Image-caption web data:
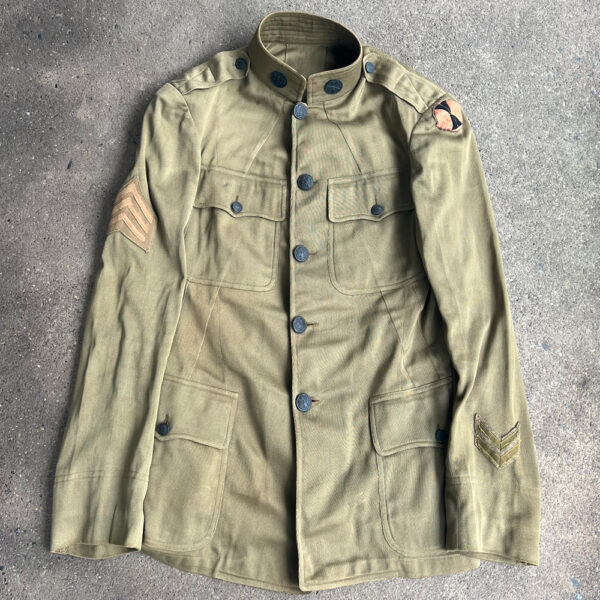 WW1 US Army 64th Infantry Regiment 7th Division Summer Sergeant Uniform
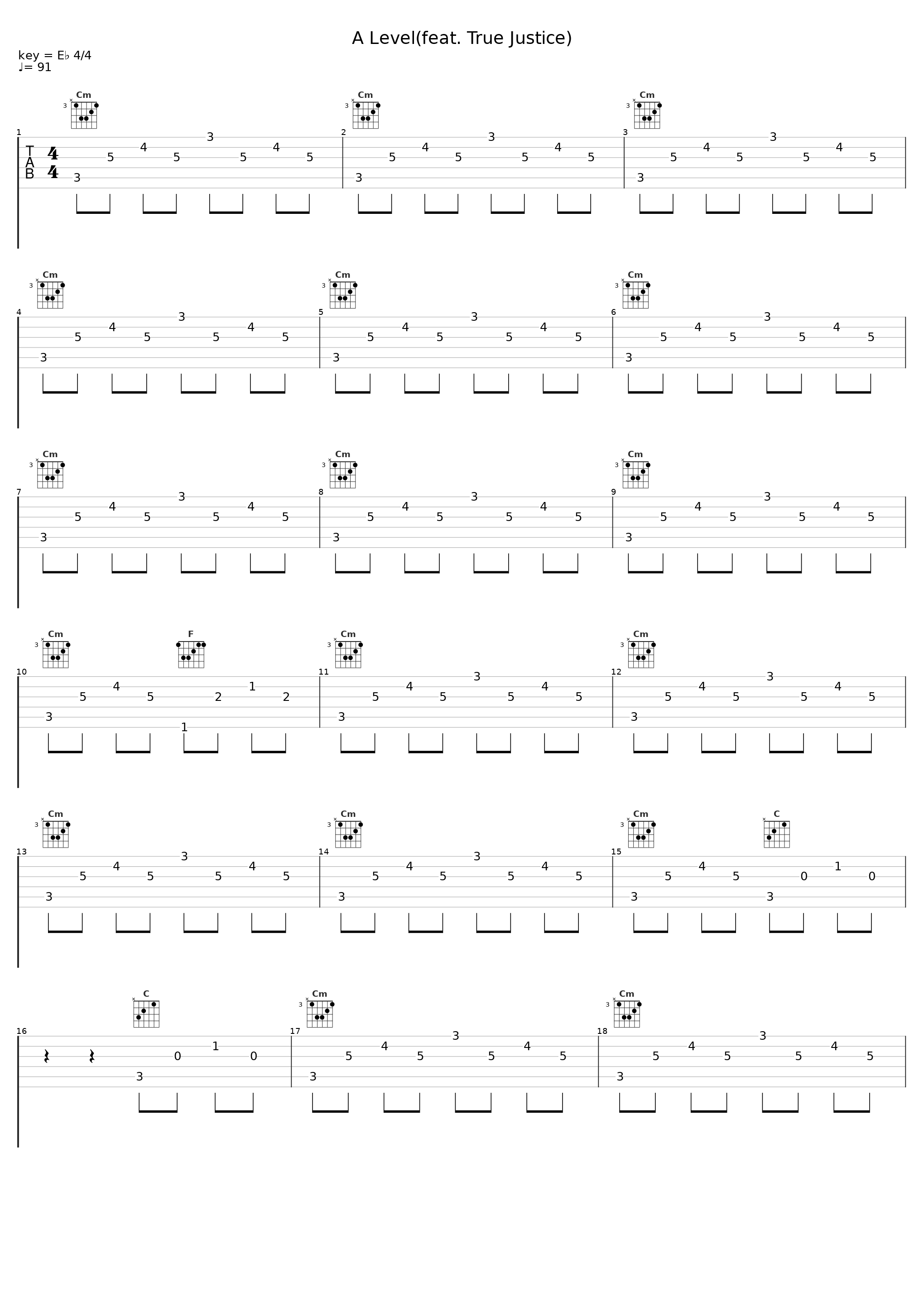 A Level(feat. True Justice)_Nohokai,Casual,True Justice,Ryan Kelly_1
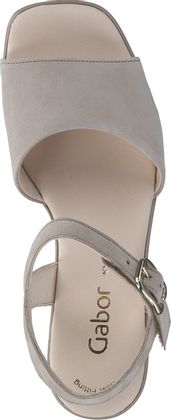 Gabor Plateau-Sandalen für Damen aus Leder 183302021428 (Beige)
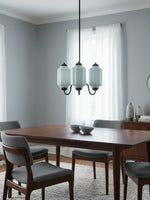 Load image into Gallery viewer, Eloise Chandelier – Milk Glass Chandelier in a Vintage Style Finish
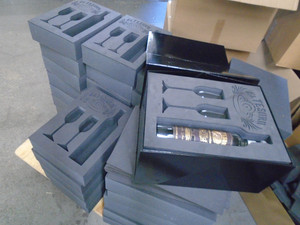 Tùy Chỉnh Sang Trọng Matte Tông Rượu Thiết Lập Bao Bì Hộp Champagne Whiskey Rượu Vang Đỏ Chai Hộp Quà Tặng Đóng Gói Bọt Chèn - Product Image 5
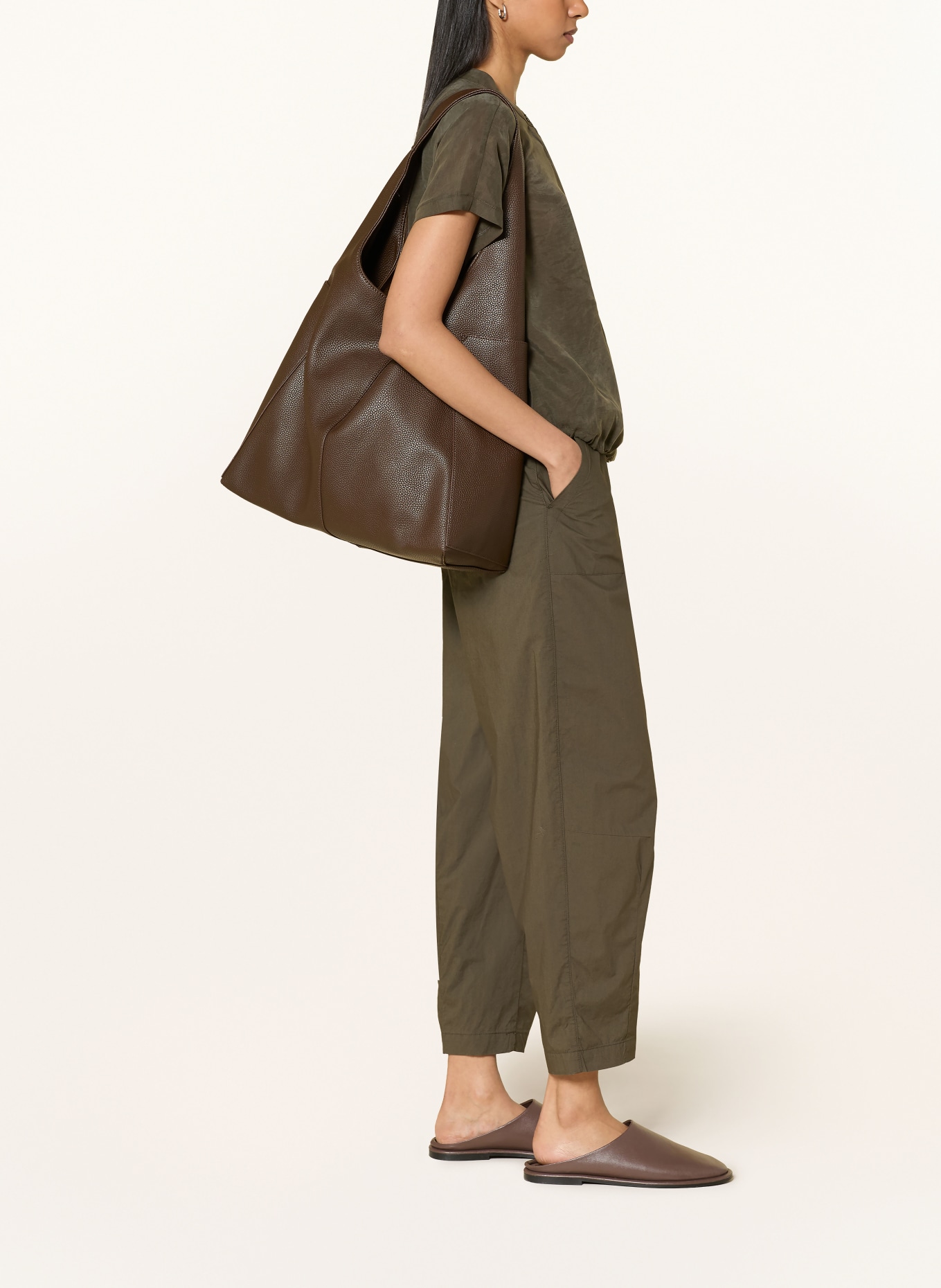 OPUS 7/8-broek MYHA LIGHT: KAKI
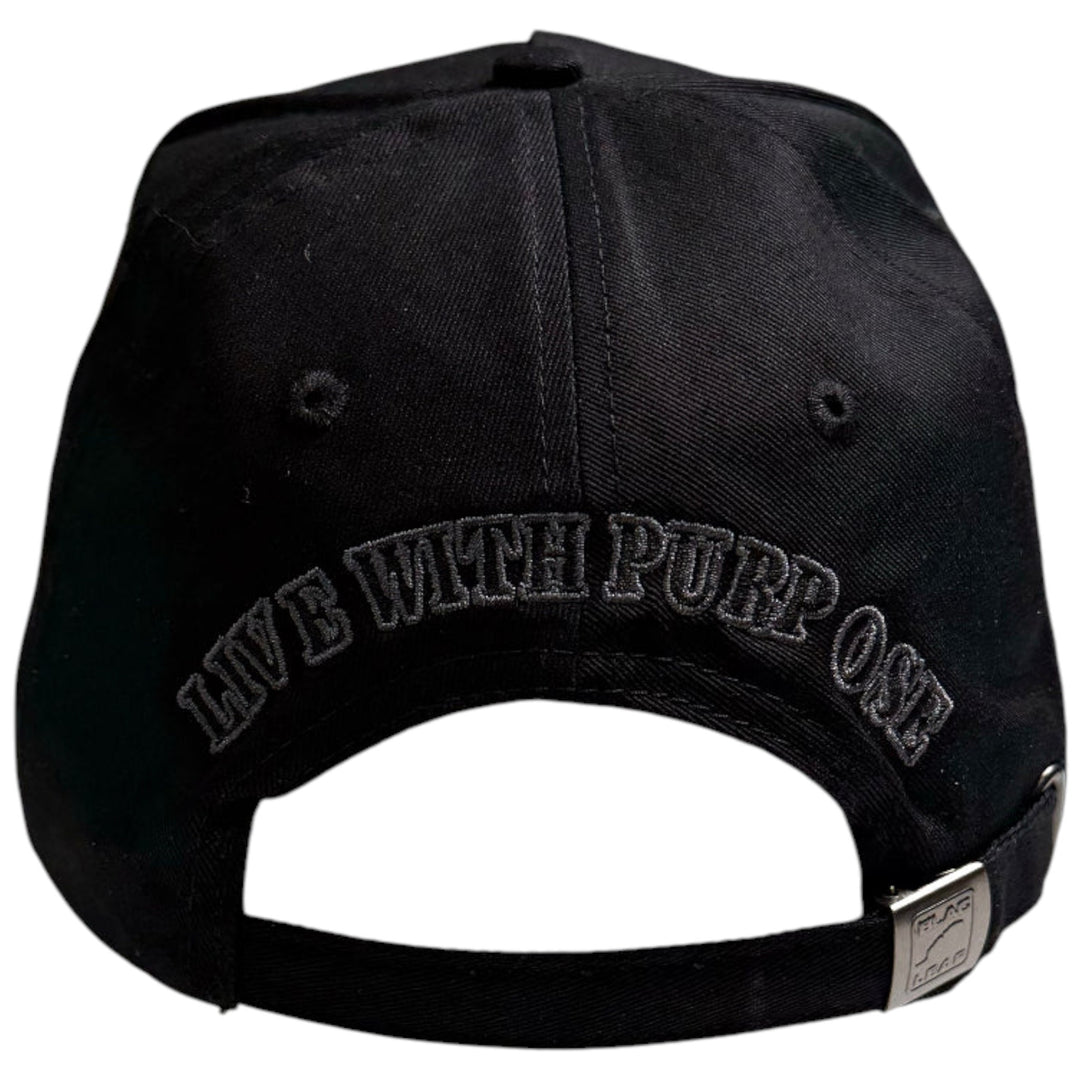 Blac Leaf Logo Core Black Trucker Hat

Required work:
In the copy, leave out the pictures and restate the records exactly.

Exercise result:
 WW1 US Army 64th Infantry Regiment 7th Division Summer Sergeant Uniform
 A Level(feat. True Justice)_Nohokai,Casual,True Justice,Ryan Kelly_1
 Gabor Plateau-Sandalen für Damen aus Leder 183302021428 (Beige)
 Load image into Gallery viewer, Eloise Chandelier – Milk Glass Chandelier in a Vintage Style Finish
 Tùy Chỉnh Sang Trọng Matte Tông Rượu Thiết Lập Bao Bì Hộp Champagne Whiskey Rượu Vang Đỏ Chai Hộp Quà Tặng Đóng Gói Bọt Chèn - Product Image 5
 OPUS 7/8-broek MYHA LIGHT: KAKI
 Blac Leaf Logo Core Black Trucker Hat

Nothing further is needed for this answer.